What’s the best place to live in America? That answer is Texas clear according to a national magazine with plenty of rankings clout.
Austin’s been deemed the No. 1 city in the country by virtue of U.S. News & World Report’s Best Places to Live Rankings for 2018. Somehow, the state capital wasn’t too weird to beat all the other would-be top cities.
Based on U.S. News & World Report’s metrics — a combination of job market index, value index, quality of life index, desirability index and net migration — Austin ranks first among the 125 largest metropolitan areas in the United States. Its overall score comes in at 7.7 (out of 10). Austin cleaned up in and both Desirability (a measure of whether people want to live in a certain metro area or not) with a score of 8.9 and Net Migration (whether people are moving to or away from the metro area) with a score of 9.4.
All told, 10 Texas cities made the rankings. Houston just missed the Top 25, coming in at a not horrible, but seriously below its standards 26th. In fact, Houston is by far the lowest ranked of Texas’ four biggest cities. San Antonio ranks 14th and Dallas checks in at No. 18. Killeen is 90th, El Paso ranks 105th with Corpus Christi right behind at 106th. Beaumont (No. 113), McAllen (No. 115th) and Brownsville (No. 121) complete the Texas cities that made the cut.
Being listed beneath Austin is one thing. Austin’s got definite street cred, which U.S. News & World Report dutifully rehashes. It’s the Live Music Capital of the World for one. It’s knee-deep in festivals, from Austin City Limits to Fun Fun Fun Fest and South by Southwest.
Where does Houston come up lacking? Like Austin, Houston receives a 7.1 Value score. But that’s the only seven the Bayou City gets. Houston’s overall score is 6.9. Desirability is where Houston truly takes a beating, receiving only 6.1 (out of 10).
U.S. News & World Report touts Houston’s entrepreneurial spirit, affordable housing, great restaurants and industry. But H-Town still ranks lower than Boise, Idaho in the Best Places to Live rankings.

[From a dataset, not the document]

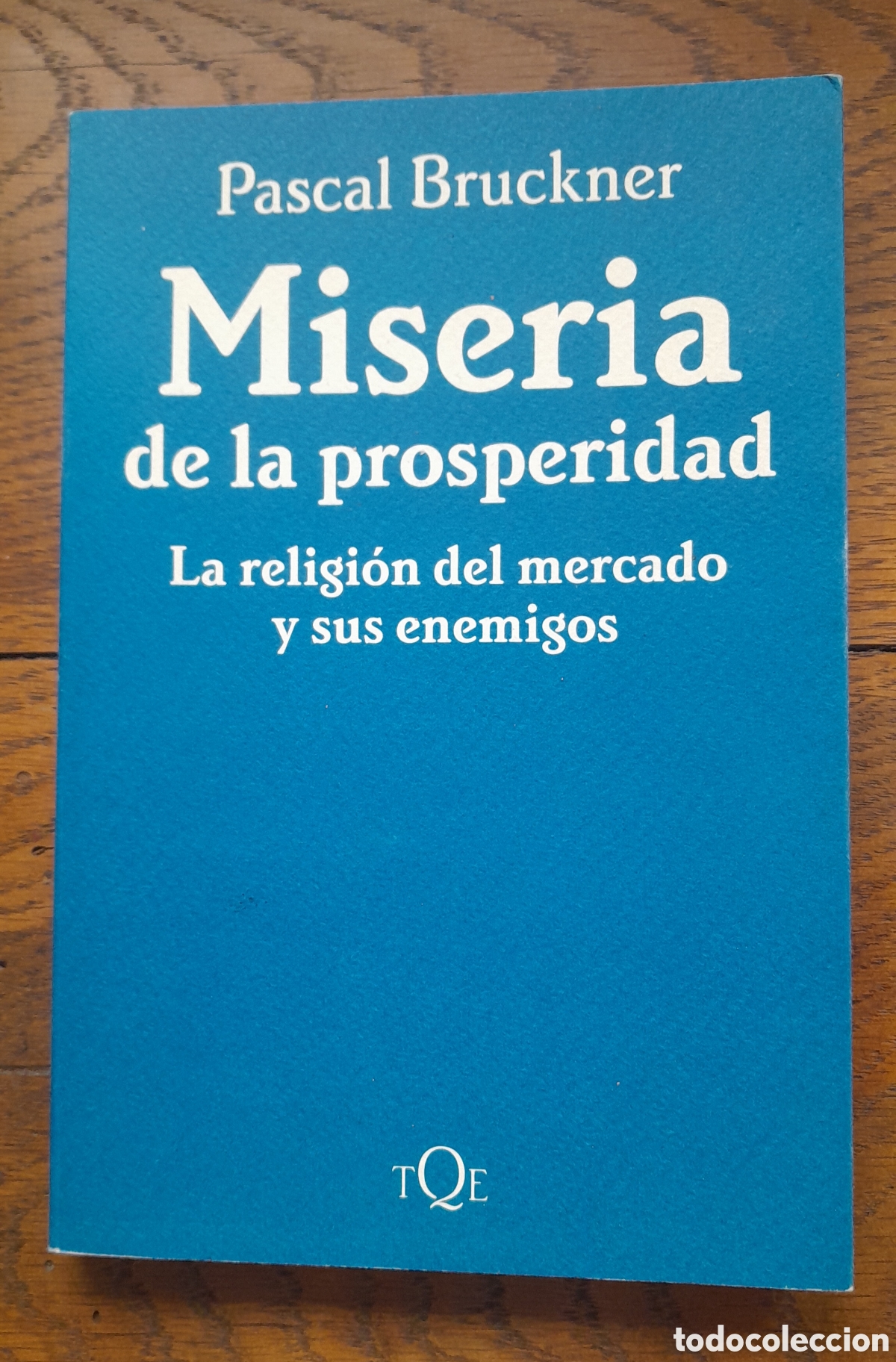 Libros de segunda mano: MISERIA DE LA PROSPERIDAD. PASCAL BRUCKNER. TUSQUETS ENSAYO. - Foto 1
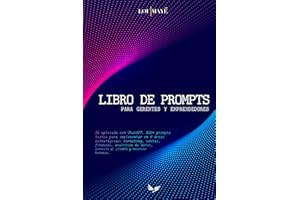 Libro de Prompts para Gerentes y Emprendedores: IA aplicada con ChatGPT. 500+ prompts listos para implementar en 6 áreas: marketing, ventas, finanzas, ... cliente y recursos humanos. (Spanish Edition)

Colorado Springs, Denver, Des Moines (Iowa), Fayetteville (Arkansas), Portland, Huntsville (Alabama), Washington D.C., Minneapolis and Seattle complete the Top 10 behind Austin. Yes, Huntsville is supposed to be the seventh best place to live in the United States. OK.
Still no city is a match for Austin’s endless opportunities to trot out last year’s Coachella castoffs and act boho at festivals where tickets can cost more than a $1,000. The FOMO is real.